# Best Finish For Walnut



## thecoder (3 Jan 2012)

Hi folks im just making my first box out of waknut and have not got a clue how to finish it.. #-o 

Can someone please advise the sanding process and reccomended finish please.

regards

Dave


----------



## condeesteso (3 Jan 2012)

Hi Dave - not spent time with waknut (very sorry, my humour gets me into trouble often  ). it's a beautiful wood, very fine grain and gets away with minimal finishing (esp. on a box, which will not suffer heavy handling.) personally I'd go for a light natural oil - applied very thin and left a while, then buffed up. Not widely accepted but natural oils are actually finishes, being capable of hardening off and taking a soft sheen - ideal I feel for walnut, will allow the grain and depth to really show. Whatever you go for please avoid glossy synthetics... your walnut deserves better then that.

(edit) sorry, missed the sanding bit - this is very personal taste but I try to avoid sanding at all. If you can get the surface you want off the blade, skip sanding. If you have to sand, then brush all the dust out after - sanding makes things feel smooth, but mainly cos they are clogged with dust, which truly challenges any later finishing as the dust turns grey. For final finish consider a well-tuned cabinet scraper?

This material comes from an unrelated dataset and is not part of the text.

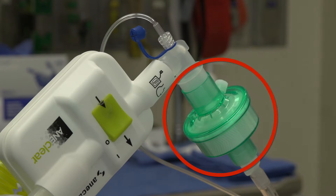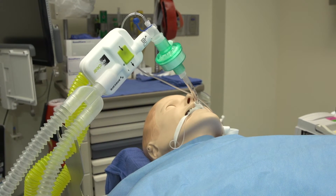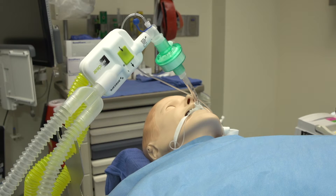The placement of the heat moisture exchanger or HME circuit filter has minimal effect on the performance of AniClear, but the performance of the HME filter is improved if it is closer to the patient. Therefore, it is best to add an HME or bacterial filter between the patient and AniClear if desired.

[have a funny feeling I'll be in trouble over this 'advice'... we'll see]


----------



## Shane (3 Jan 2012)

Chestnut hard wax oil is lovely on walnut


----------



## Dodge (4 Jan 2012)

if you are using American Black Walnut try this,

prior to applying finish wipe the walnut with Behlens lemon yellow solar lux stain. if you then use danish oil it really brings out the colour of the walnut without making it yellowy!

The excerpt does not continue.